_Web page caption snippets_

┌────────

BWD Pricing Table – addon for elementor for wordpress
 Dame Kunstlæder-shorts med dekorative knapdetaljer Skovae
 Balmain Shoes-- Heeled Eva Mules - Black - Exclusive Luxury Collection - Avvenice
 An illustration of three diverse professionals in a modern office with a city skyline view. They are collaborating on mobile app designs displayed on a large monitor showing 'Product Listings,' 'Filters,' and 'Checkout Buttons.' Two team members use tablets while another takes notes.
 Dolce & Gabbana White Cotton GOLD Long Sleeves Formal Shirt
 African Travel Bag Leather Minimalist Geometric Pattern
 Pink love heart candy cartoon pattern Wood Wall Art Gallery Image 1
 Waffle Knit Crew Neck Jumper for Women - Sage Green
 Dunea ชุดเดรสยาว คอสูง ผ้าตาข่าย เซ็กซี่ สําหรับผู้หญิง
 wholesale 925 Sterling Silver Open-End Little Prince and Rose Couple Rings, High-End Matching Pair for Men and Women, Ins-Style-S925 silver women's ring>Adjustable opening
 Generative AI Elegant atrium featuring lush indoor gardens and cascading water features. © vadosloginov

└────────

_THE PROBLEM_
Every line of the entries above that holds "Women" should be copied out.

_OUTPUT BELOW_
 Waffle Knit Crew Neck Jumper for Women - Sage Green
 wholesale 925 Sterling Silver Open-End Little Prince and Rose Couple Rings, High-End Matching Pair for Men and Women, Ins-Style-S925 silver women's ring>Adjustable opening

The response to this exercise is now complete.